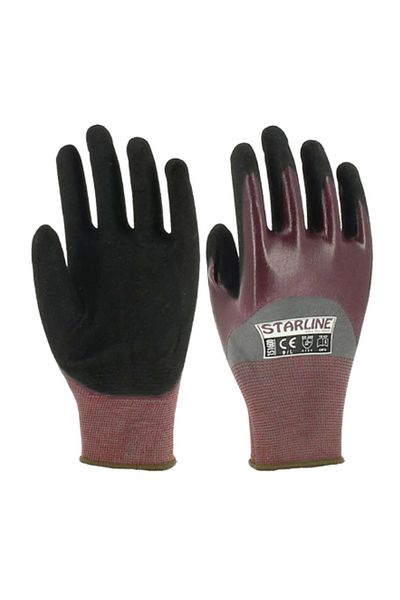 Starline E-151600 Foam Nitrile Coated Work Gloves Polyester Lining with Durable Anti-Skid Grip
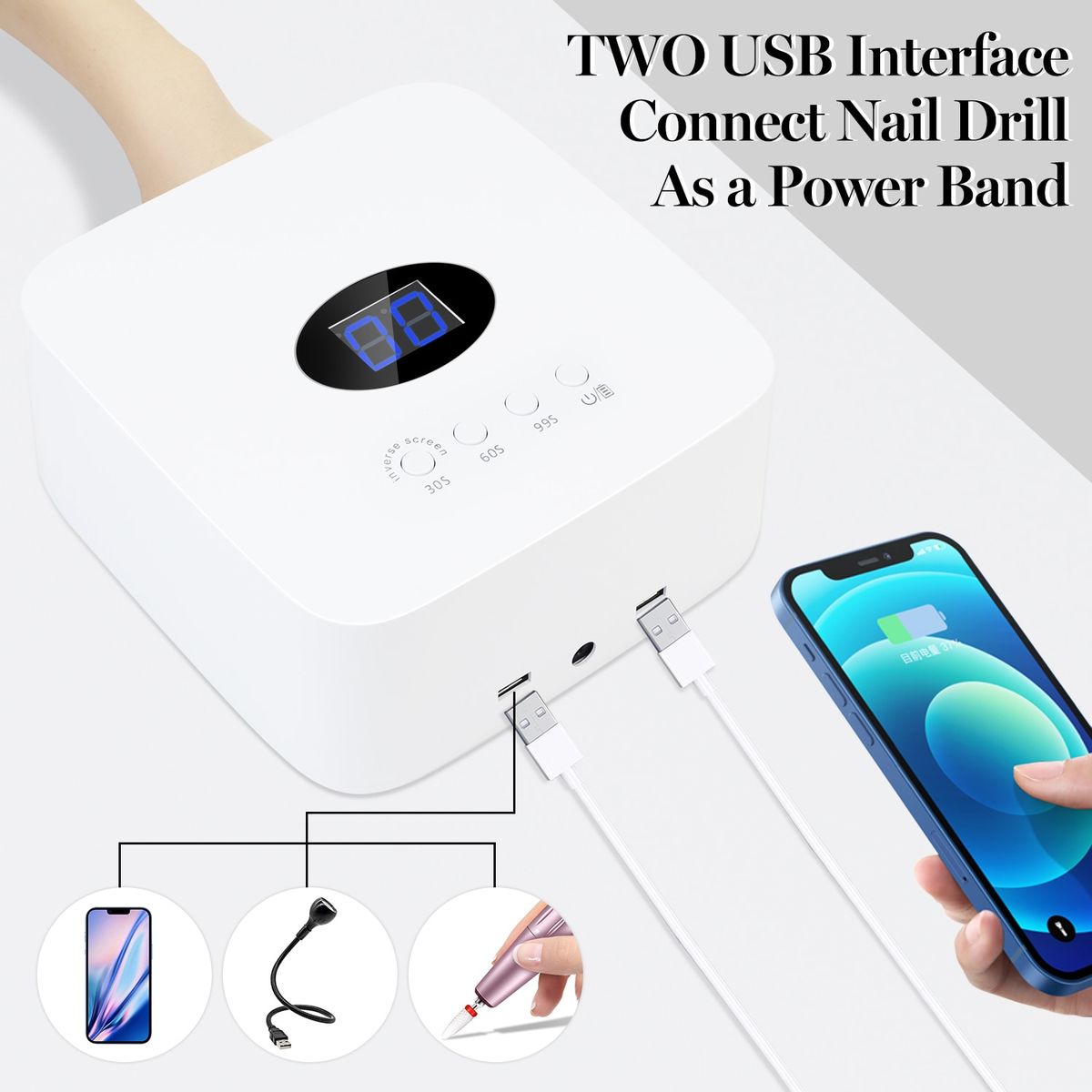 30LED Rechargeable UV Led Nail Lamp Cordless Nail Dryer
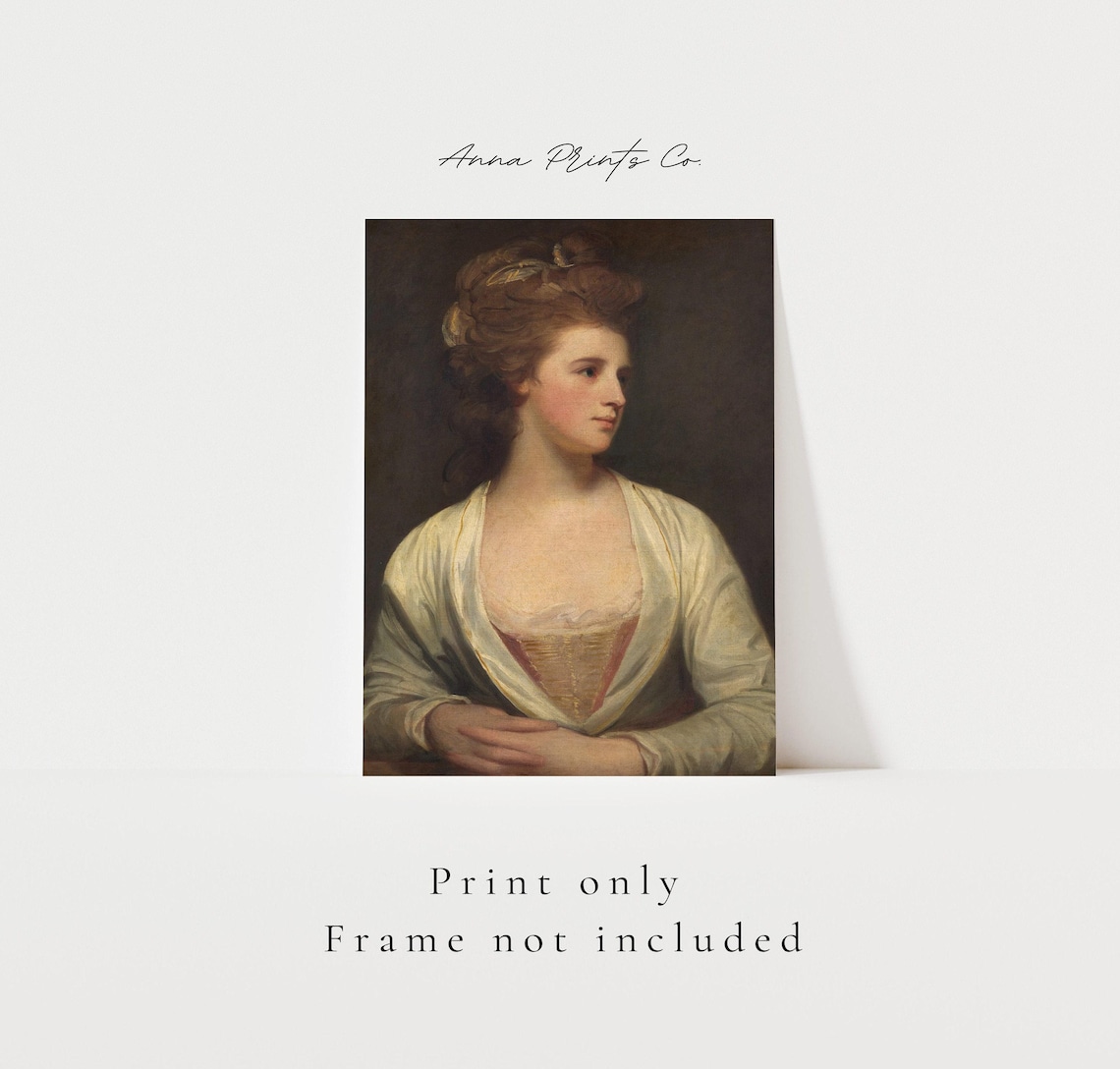 Baroque Woman Portrait, Vintage 18th-Century Art Print - Image 3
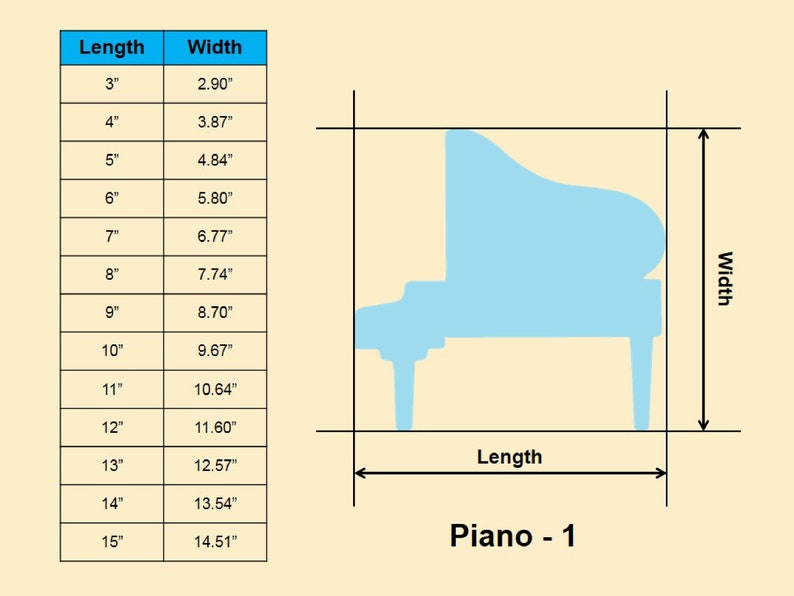 Piano Music Instruments Shapes - Multiple Sizes - Laser Cut Unfinished ...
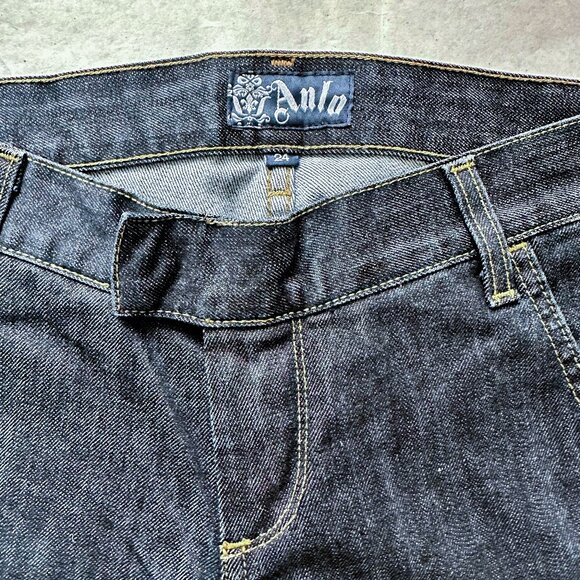 Anlo denim tab front ultra wide flare palazzo leg low rise jeans Sz 24 - Picture 4 of 9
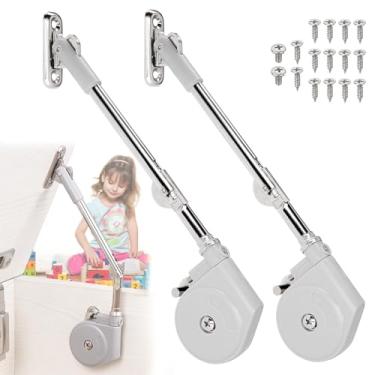 Imagem de Pacote com 2 dobradiças macias para caixas de brinquedos, baús de madeira, armazenamento de cedro, baús e bancos | Dobradiças de peito lentas de liga de zinco | Dobradiças de fechamento lento do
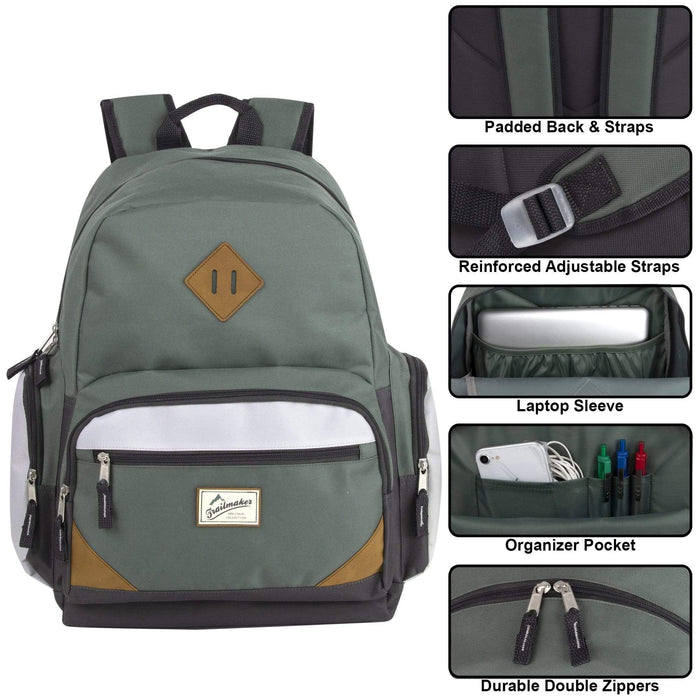 19 Inch Trailmaker Duo Compartment Backpack w Laptop Sleeve - 3 Color Assortment - 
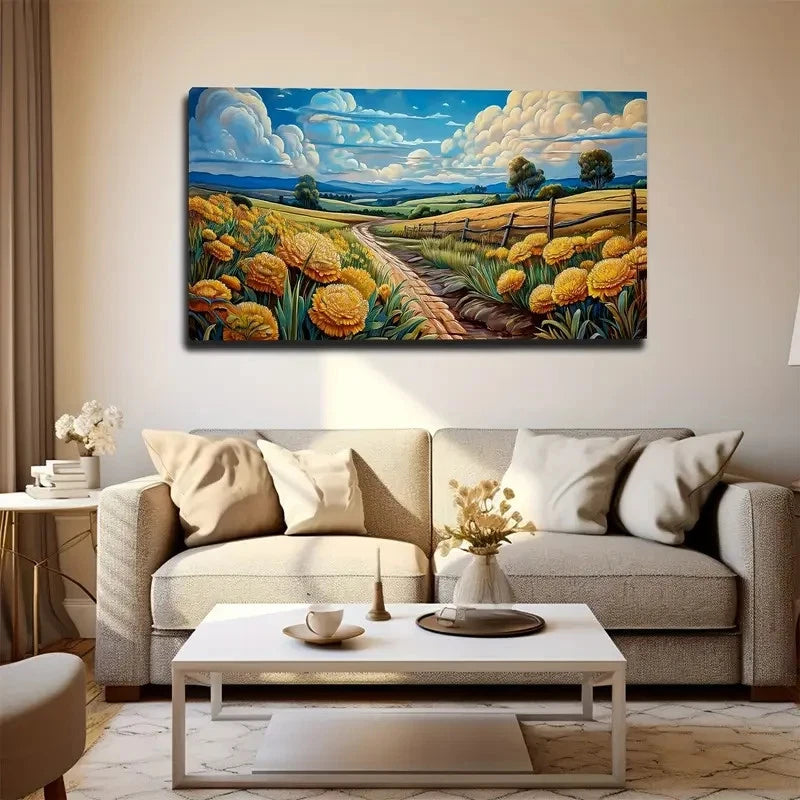 Countryside Blooming Wall Art Canvas Office Home Room Framed 120x60cm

+===+

- INSTRUCTIONS TO FOLLOW: What is needed here is an exact repetition of the listing above, pictures excluded.

- SOLUTION FOR THIS PROBLEM:
 Starline E-151600 Foam Nitrile Coated Work Gloves Polyester Lining with Durable Anti-Skid Grip
 30LED Rechargeable UV Led Nail Lamp Cordless Nail Dryer
 Baroque Woman Portrait, Vintage 18th-Century Art Print - Image 3
 Piano Music Instruments Shapes - Multiple Sizes - Laser Cut Unfinished ...
 Anlo denim tab front ultra wide flare palazzo leg low rise jeans Sz 24 - Picture 4 of 9
 Imagem de Pacote com 2 dobradiças macias para caixas de brinquedos, baús de madeira, armazenamento de cedro, baús e bancos | Dobradiças de peito lentas de liga de zinco | Dobradiças de fechamento lento do
 19 Inch Trailmaker Duo Compartment Backpack w Laptop Sleeve - 3 Color Assortment - 
 Countryside Blooming Wall Art Canvas Office Home Room Framed 120x60cm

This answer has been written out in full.